Re: Umlaut and Tréma, was: Variation selectors and vowel marks

From: Doug Ewell (dewell@adelphia.net)
Date: Thu Jul 15 2004 - 10:47:58 CDT

  • Next message: Mark Davis: "Re: Importance of diacritics"

    Peter Kirk <peterkirk at qaya dot org> wrote:

    >> Nobody doubts that some text exists with multiple accents on vowels.
    >> Where the vowels are not Latin a,o,u, there is no issue at all, in
    >> this case, since there are no differences in German sorting for them.
    >
    > Well, yes, but http://std.dkuug.dk/jtc1/sc2/wg2/docs/n2819.pdf, does
    > not make it clear that the <CGJ, DIAERESIS> sequence is to be used
    > only with Latin a, o and u; rather it states "<CGJ, [DIAERESIS]> →
    > tréma". Perhaps the proposal needs modification to make this point
    > clear, if that is the intention.

    The wording you are looking for is in the first paragraph under the
    heading "Alternative solution":

    "The solution consists, essentially, of using U+034F COMBINING GRAPHEME
    JOINER (CGJ), in its intended semantics in 10646/Unicode, to make the
    relevant sorting, searching, and data mapping distinctions required for
    umlaut versus tréma."

    Note carefully the words "relevant" and "required." The solution
    proposed in N2819 is:

    * RELEVANT only to the characters ( ä ö ü Ä Ö Ü ) which can occur in
    German bibliographic data AND in which the diacritic may represent
    either umlaut or tréma, and

    * REQUIRED only in contexts where this distinction must be made in plain
    text.

    N2819 does not propose <CGJ, U+0308> as a general-purpose representation
    for combining tréma. It is not being proposed for the text of the
    Unicode Standard, or as a UAX or even a public-review issue.

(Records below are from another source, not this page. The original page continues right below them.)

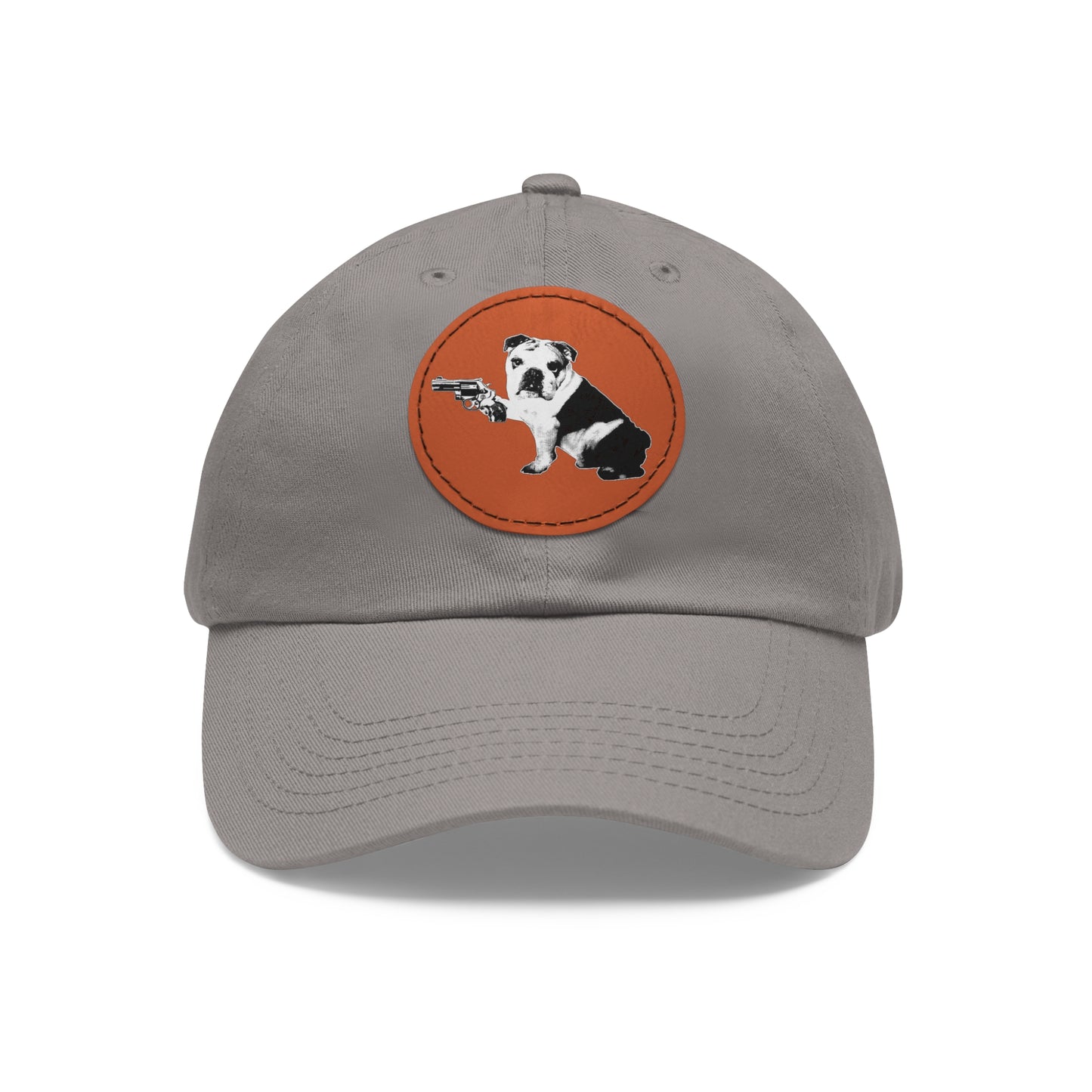Mavis (Bullpup) Dad Hat with Leather Patch (Round)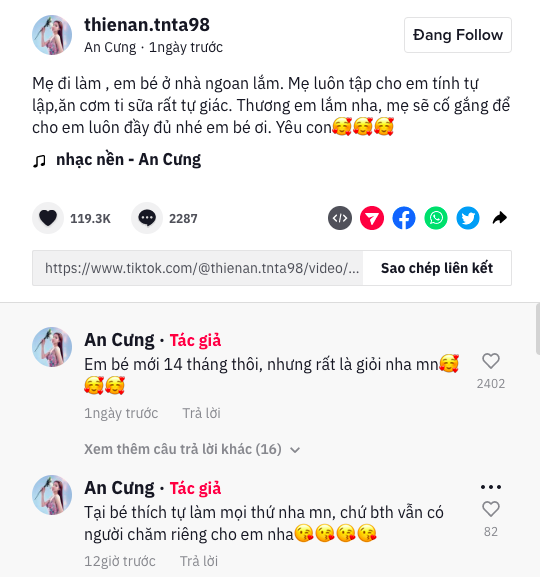 Con gái Jack - Thiên An 14 tháng tuổi đã tự lập làm mọi thứ vì mẹ bận đi làm - Ảnh 1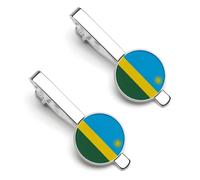 Republic of Rwanda Flags Men Tie Clip Wedding Gift for Best Man, Groomsman, Usher, Birthday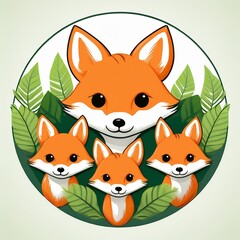 Obraz premium logo badge dessin animaux en groupe, renards mignons en famille en ia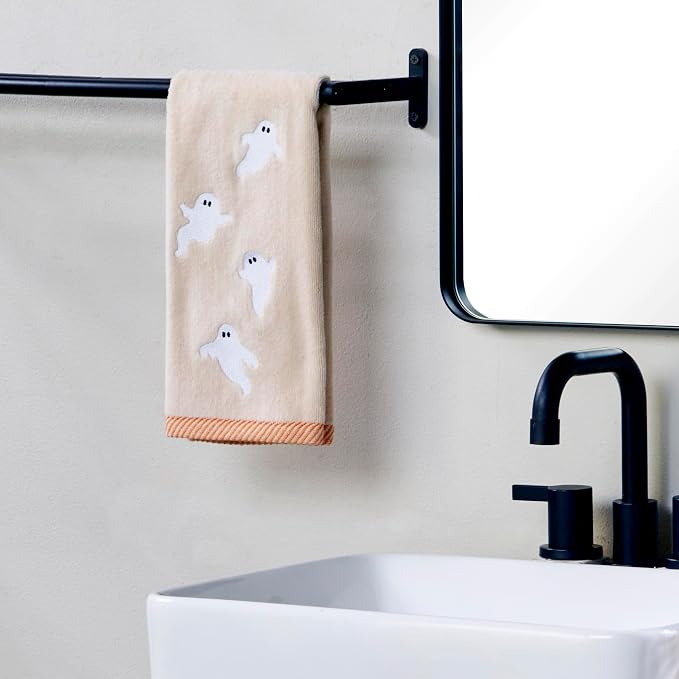SKL Home Halloween Tossed Ghosts Hand Towel Set-2pc, 100% Cotton, Taupe | Soft, embroidered velour. Great for the bathroom, kitchen or bar & gifting.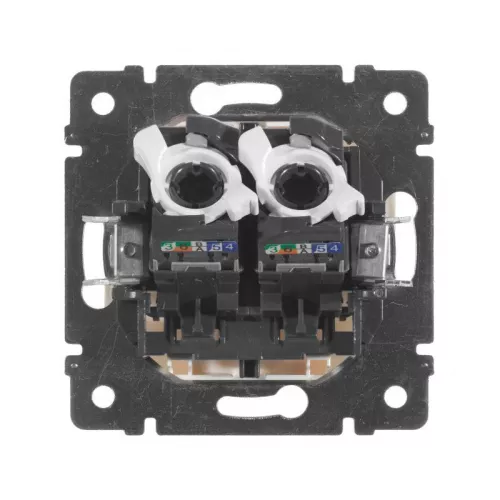 Механизм розетки информ. 2-м СП Valena RJ45 + RJ45 CAT.5E UTP с захватами бел. Leg 774231 фото 2 Механизм розетки информ. 2-м СП Valena RJ45 + RJ45 CAT.5E UTP с захватами бел. Leg 774231 фото 2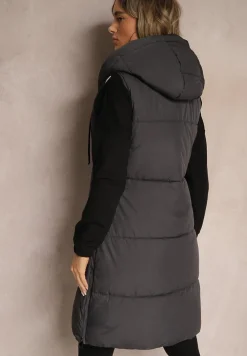 Ciemnoszara Kamizelka Pikowana Wykończona Kapturem i Sznurkami Quinaria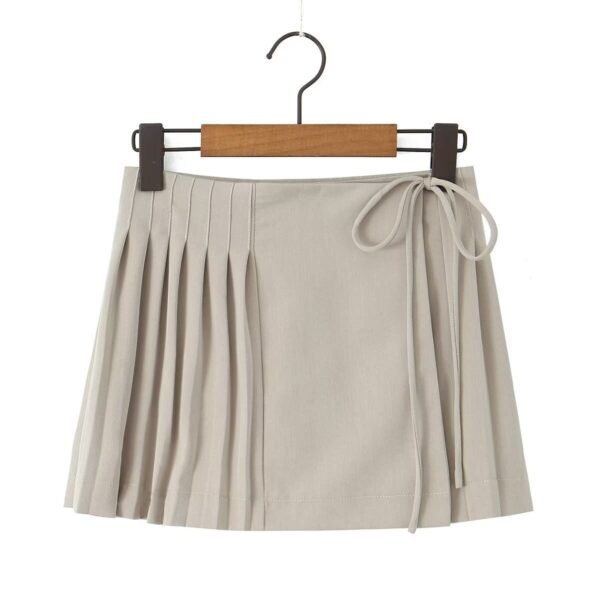 American Retro High Waist Lace-up Skirt - Image 3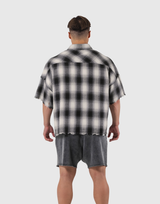 Oversize Cut-Off Check Shirt - Black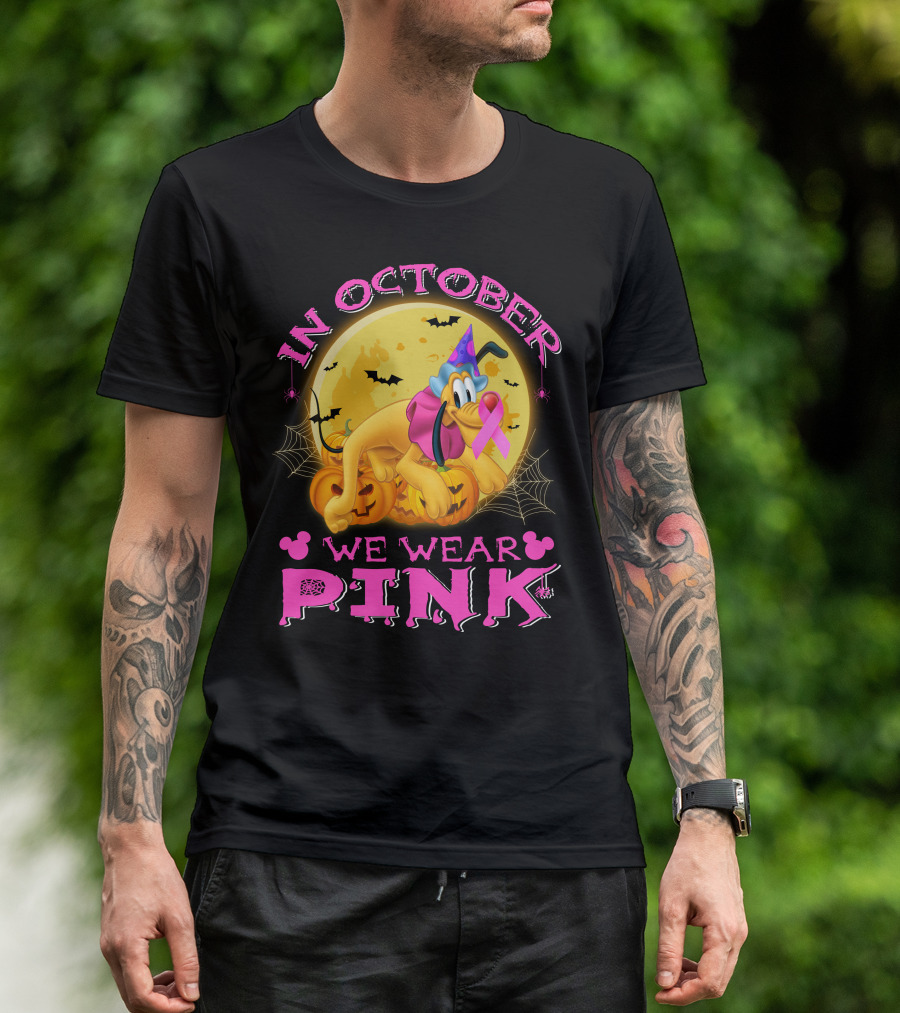 In October We Wear Pink Pluto Halloween Pumplin Bat Webs T-Shirt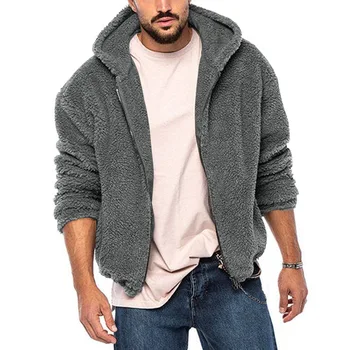 Мужские осенне-зимние однотонные куртки с длинным рукавом, флисовая одежда для отдыха с капюшоном, мужская верхняя одежда на молнии, модная уличная одежда, пальто, прямая поставка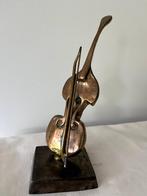 bronzen cellosculptuur van Yves Lohé, H 20cm, Ophalen of Verzenden, Zo goed als nieuw, Beeldhouwkunst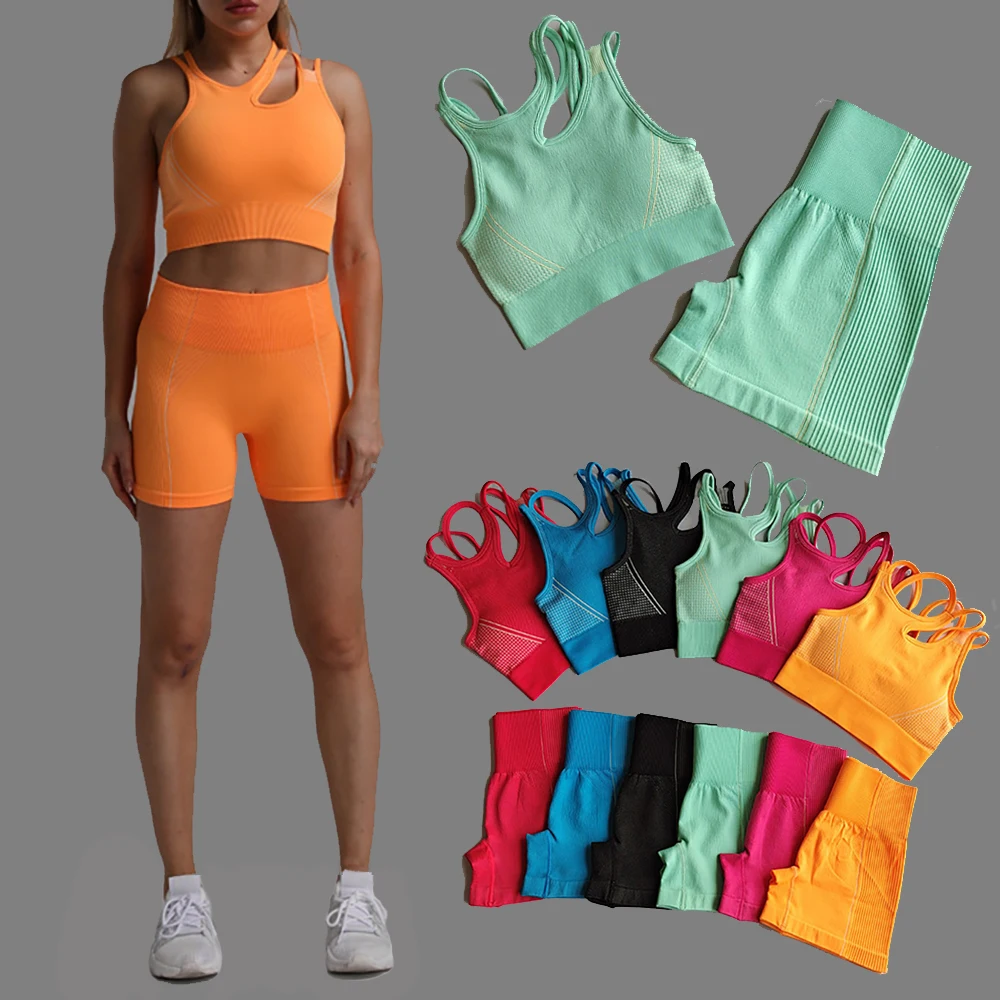 

2Pcs Seamless Yoga Women Sport Suit Gym Set Sexy Bra High Waist Gym Shorts Workout Running Clothing Gym Wear Athletic Yoga Set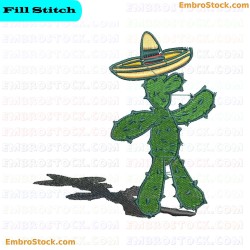 Cactus Wearing Hat Embroidery Design 27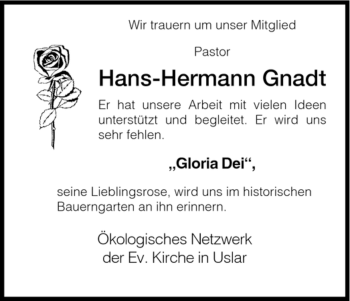 Traueranzeige von Hans-Hermann Gnadt von HNA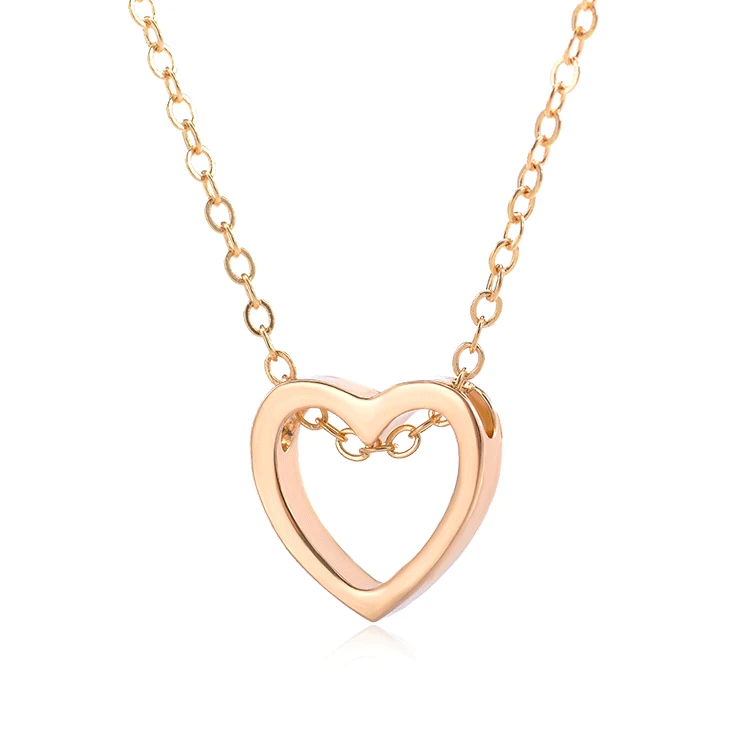 Tiny Heart Necklace For Women Stainless Steel Heart Shape Pendant Necklace Gift Ethnic Bohemian Choker Necklace Drop Shipping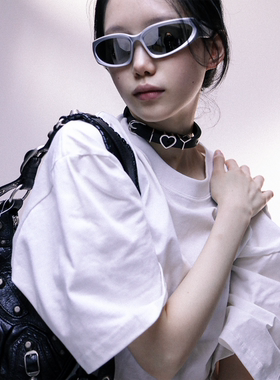 朋克风头层牛皮项圈男女同款ins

The
    solution is intended for the German bibliographers, and presumably for
    anyone else who needs ("required") to make the same ("relevant")
    distinction.

    > Second, N2819 does not make it clear that the <CGJ, DIAERESIS>
    > sequence is to be used only for Latin script data. I would expect
    > (someone can check this of course, and without checking this is indeed
    > speculation) that there is Greek text in German bibliographic
    > databases in which the Greek diaeresis is represented in ISO 5426 as
    > tréma rather than umlaut; that would be correct because the function
    > of Greek diaeresis is separation rather than vowel modification.

    Unless there is Greek text where U+0308 can represent either a tréma OR
    an umlaut, and unless there is a need to make the distinction in plain
    text -- both of which we know not to be true -- this solution is neither
    relevant nor required.

    > And I would expect an implementer reading N2819 to conclude that all
    > ISO 5426 trémas should be converted to <CGJ, DIAERESIS> as no mention
    > is made of a restriction to Latin script or to just a, o and u.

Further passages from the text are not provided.